### Record excerpts

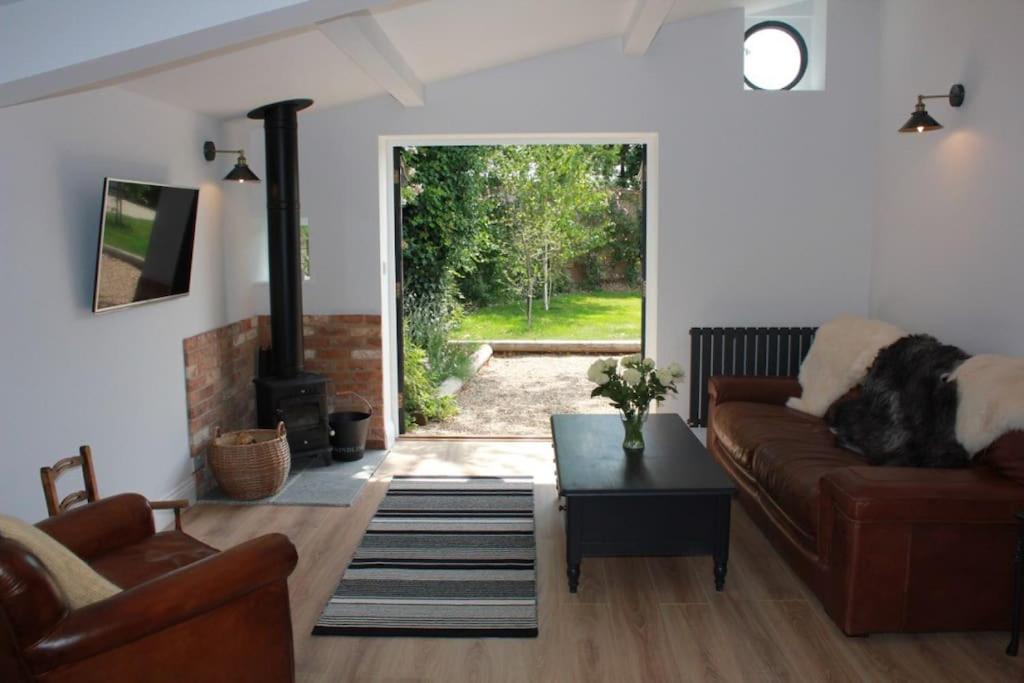 a living room with a couch and a fireplace at The Pitstop in Sidlesham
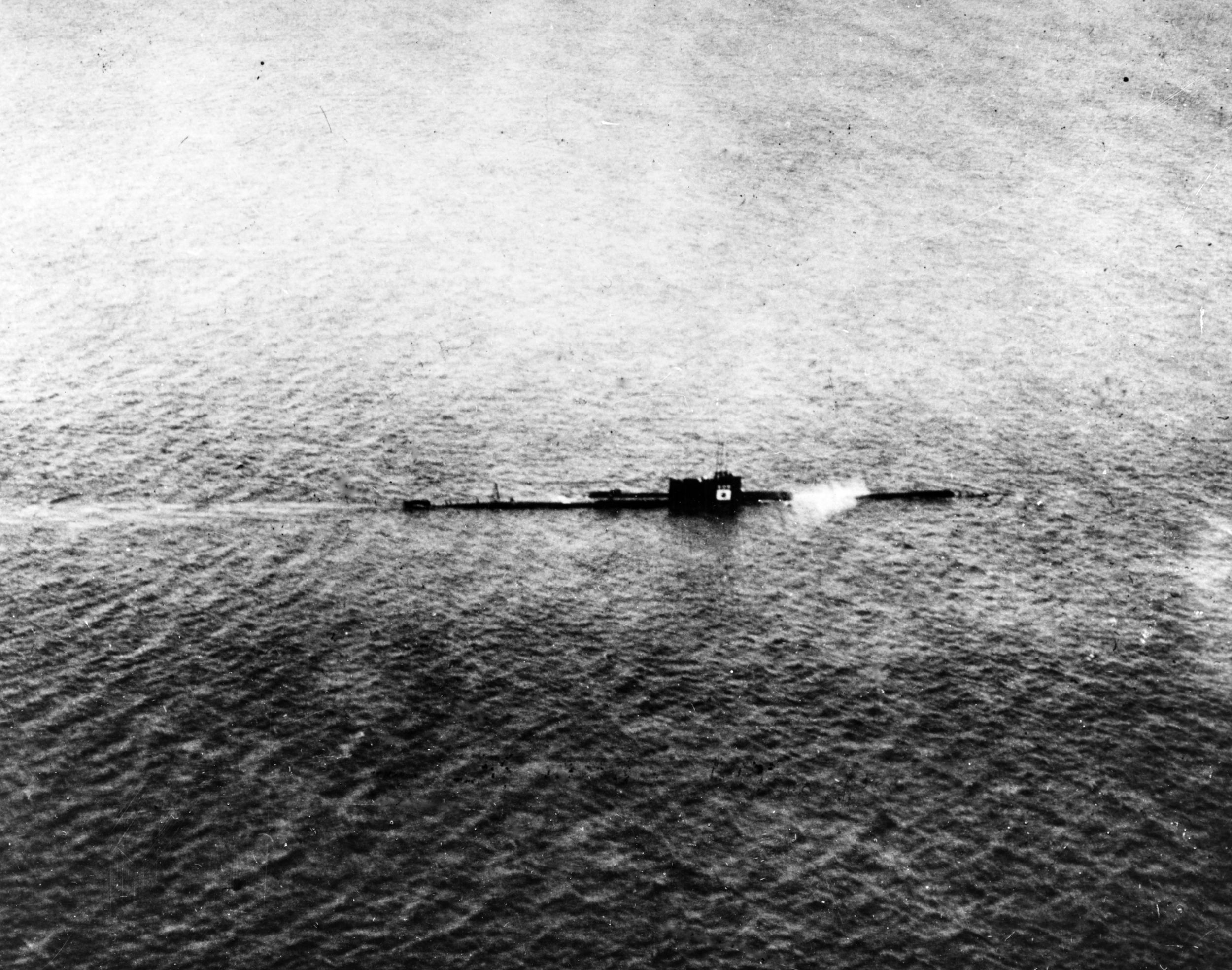 An unidentified Japanese submarine is photographed from the air while under attack by an American plane. It was rare to catch an enemy submarine on the surface during daylight hours. This action occurred in 1944.
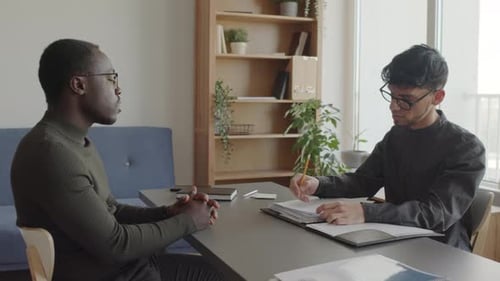 Two Men Meeting in Workplace Office Space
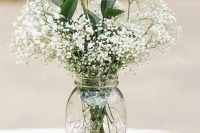 a stack of vintage books and a clear mason jar with a white floral arrangement is a lovely idea for a spring or summer wedding
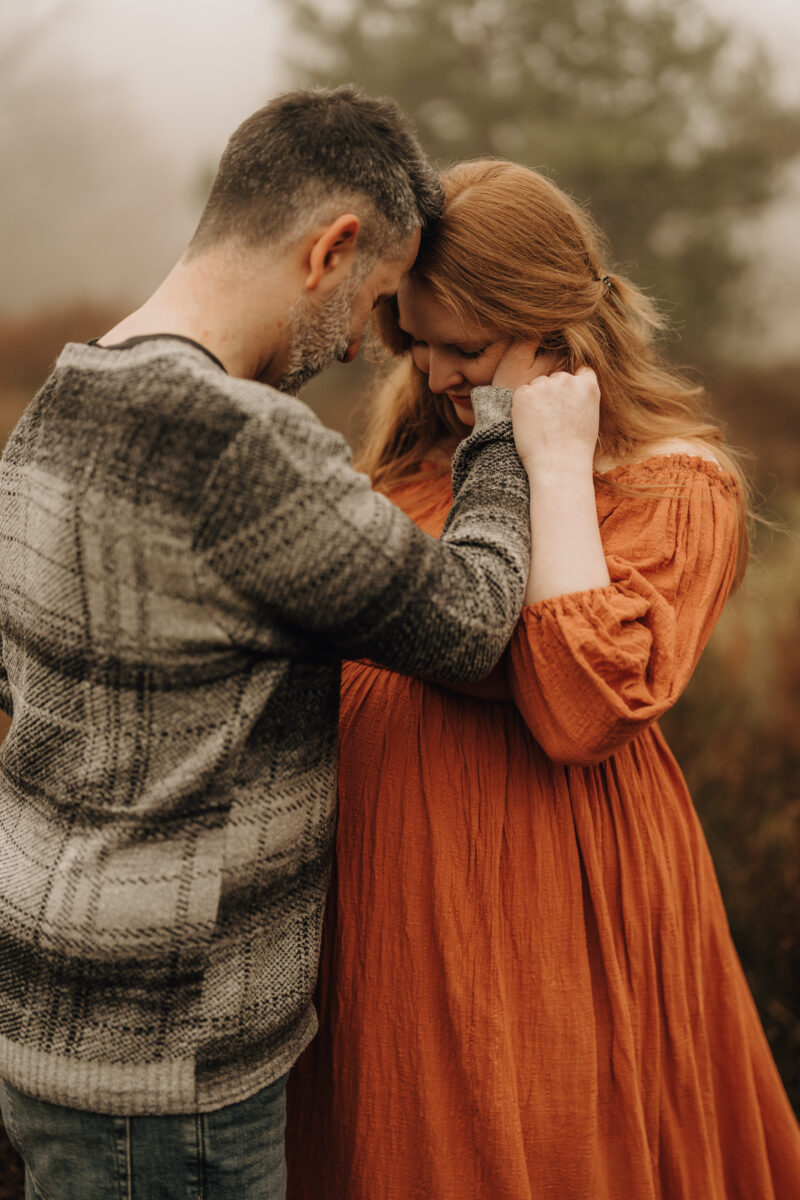 Babybauch Fotografie Portfolio Paar steht in einem Feld Frau trägt ein orangefarbenes langes Kleid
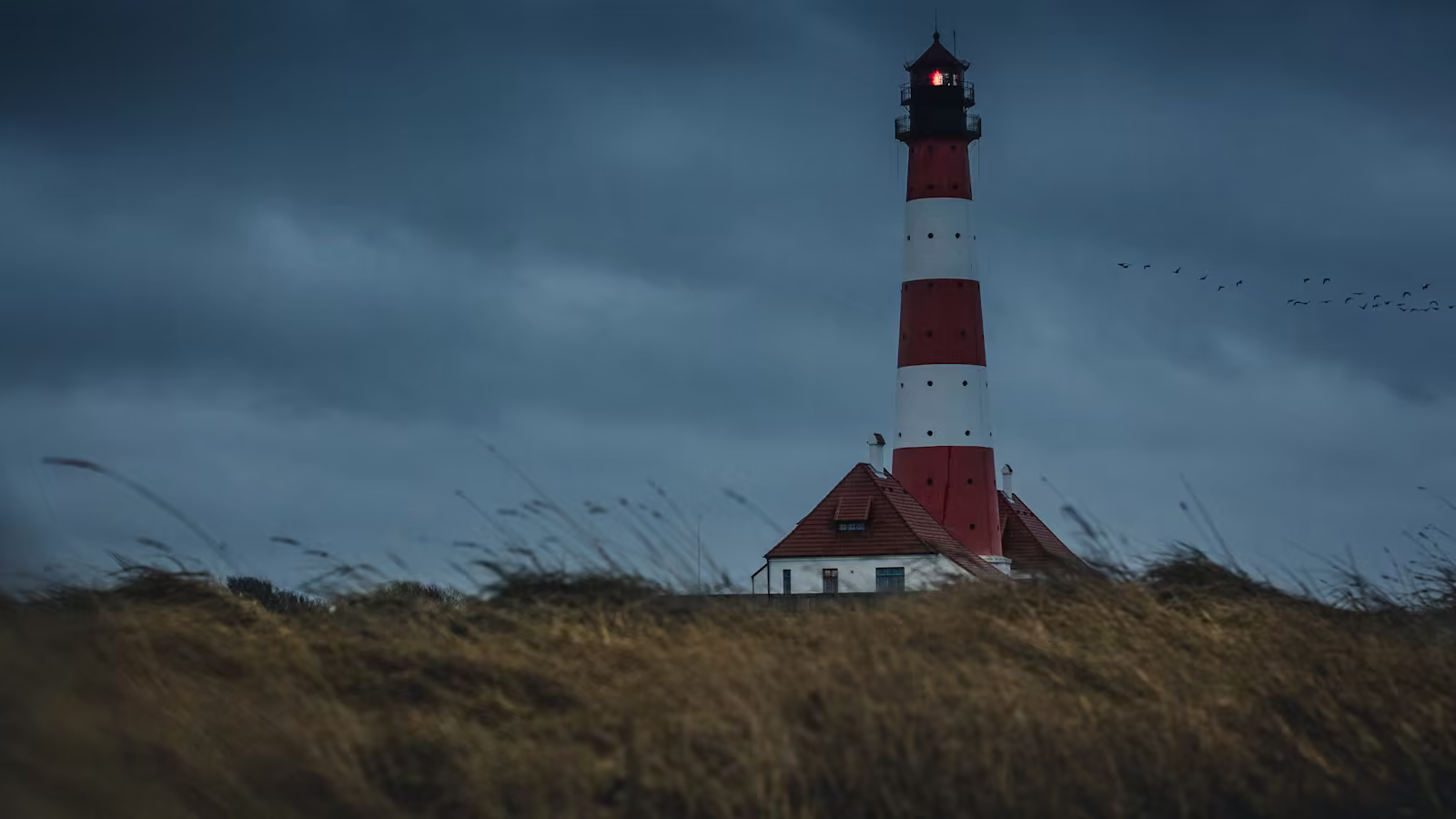A lighthouse and secondary marking maintaining navigation during a storm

### Task to complete
Your answer must consist only of the lines from the one containing "Two Men Meeting in Workplace Office Space" through the end of the entries, restated word for word, with no pictures.

### Solution
 Two Men Meeting in Workplace Office Space
 a stack of vintage books and a clear mason jar with a white floral arrangement is a lovely idea for a spring or summer wedding
 Babybauch Fotografie Portfolio Paar steht in einem Feld Frau trägt ein orangefarbenes langes Kleid
A lighthouse and secondary marking maintaining navigation during a storm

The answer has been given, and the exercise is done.